▶
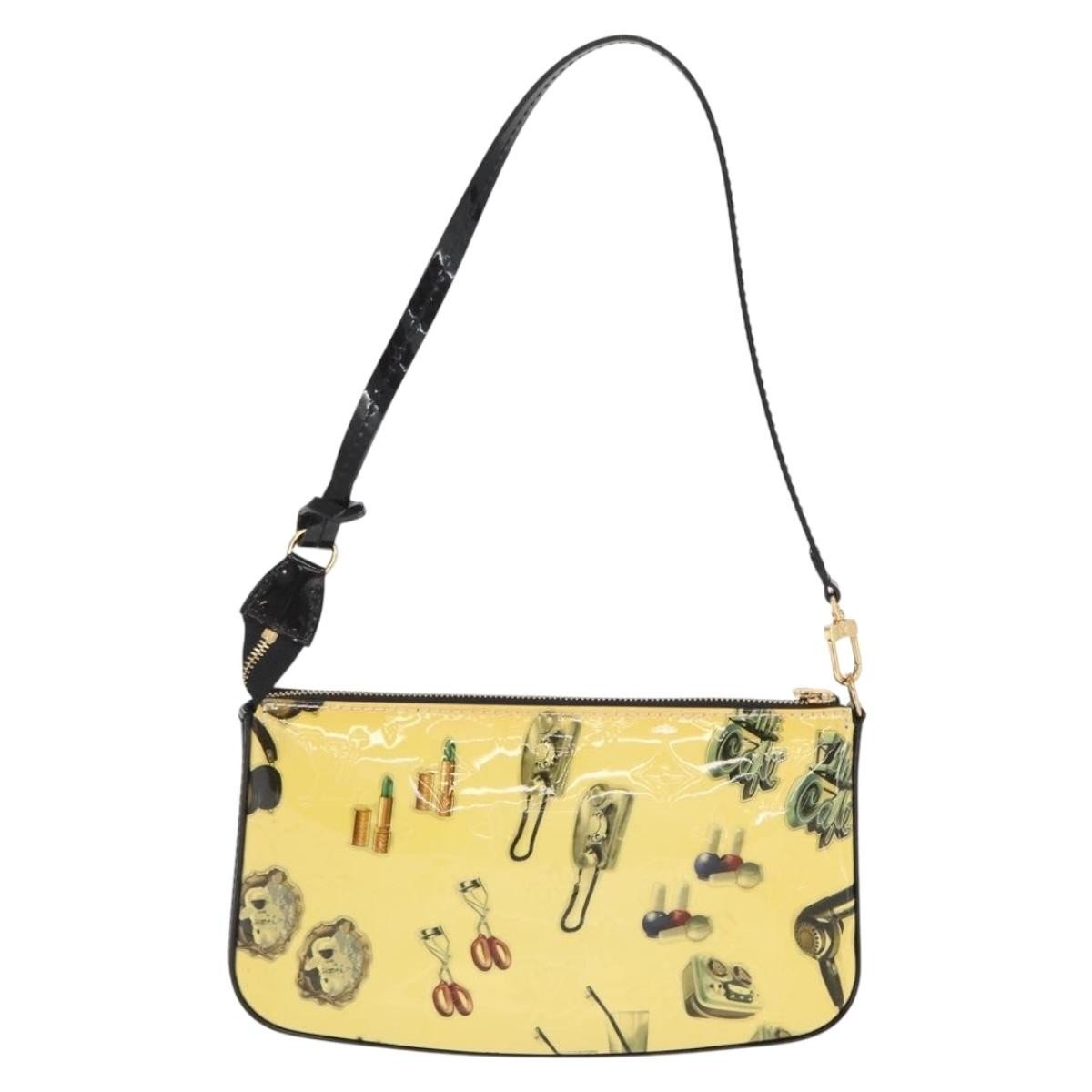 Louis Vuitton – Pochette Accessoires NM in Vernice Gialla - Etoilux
◀
▶
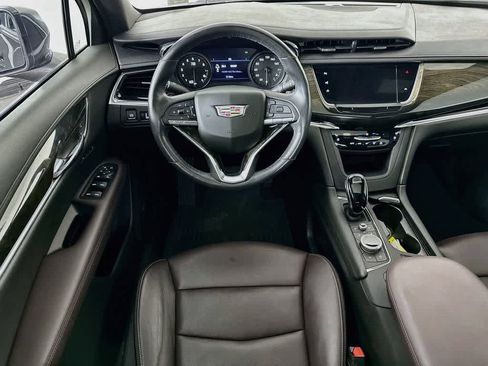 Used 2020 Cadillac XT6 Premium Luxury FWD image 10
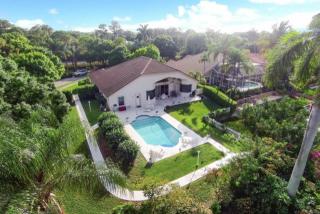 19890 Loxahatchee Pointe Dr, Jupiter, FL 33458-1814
◀
Problem to work on =
Going by the data above, give back only the lines from the one containing "Used 2020 Cadillac" through the one containing "19890 Loxahatchee Pointe", exactly as they stand, both ends included and no images.

Finished task =
 Used 2020 Cadillac XT6 Premium Luxury FWD image 10
 19890 Loxahatchee Pointe Dr, Jupiter, FL 33458-1814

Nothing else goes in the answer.